Nintendo is off to an incredible start with the Wii. With continued demand and leading sales even after the holiday season, Nintendo couldn’t be happier with the system’s early success. The Wii’s innovative controller design has opened up video gaming to a previously untapped market—non-gamers.

The marketing minds behind Nintendo looked beyond the traditional gamer mediums and advertised its innovations at targets as far from gaming as you can imagine, such as retirees. Nintendo even went against the current and took the Wii to an AARP convention. “The AARP thing was a little bit tough at first. They were like, ‘We don't really want to talk to you because we're all grandparents and we already buy stuff for our kids,’ and so we said, ‘No we want to talk to you about you,’” said Perrin Kaplan, VP Marketing & Corporate Affairs for Nintendo of America. “It took several attempts for them to finally say, ‘So why do you want to talk to us?’ And it's because we have products for them as well now.”
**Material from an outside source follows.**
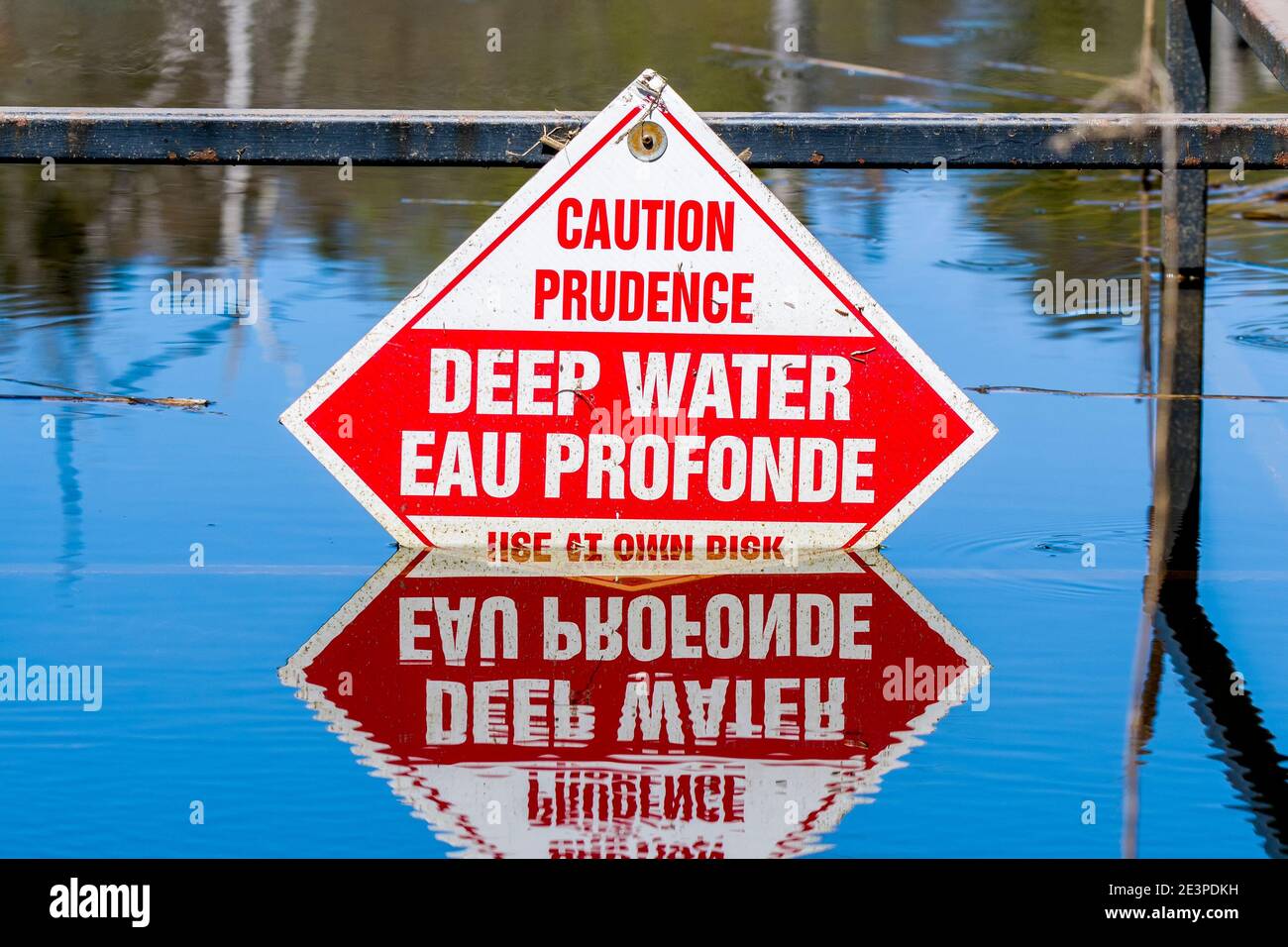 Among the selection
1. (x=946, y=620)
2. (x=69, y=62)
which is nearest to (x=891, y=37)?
(x=69, y=62)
Nintendo’s efforts seemed to have paid off. The Chicago Tribune is reporting that the Wii is now the latest rage at the Sedgebrook retirement community in Lincolnshire, where the average age is 77. In particular, the Wii Bowling component of Wii Sports has members of the retirement community hooked on playing the Wii installed inside the Sedgebrooks’s clubhouse lounge.

“I've never been into video games, but this is addictive,” said 72-year-old Flora Dierbach. “They come in after dinner and play. Sometimes, on Saturday afternoons, their grandkids come play with them … A lot of grandparents are being taught by their grandkids. But, now, some grandparents are instead teaching their grandkids.”

Wii Bowling has become so well received that more than 20 residents signed up to participate in a virtual bowling tournament without the need to leave the clubhouse lounge. Sedgebrook's entertainment committee said that they even have a fan for people to dry their hands before they bowl, just like at a real bowling alley.

Although Wii Sports features cartoon-like graphics and characters—imagery normally aimed at children—the retirees are absolutely taken with the realism offered by the Wii Remote.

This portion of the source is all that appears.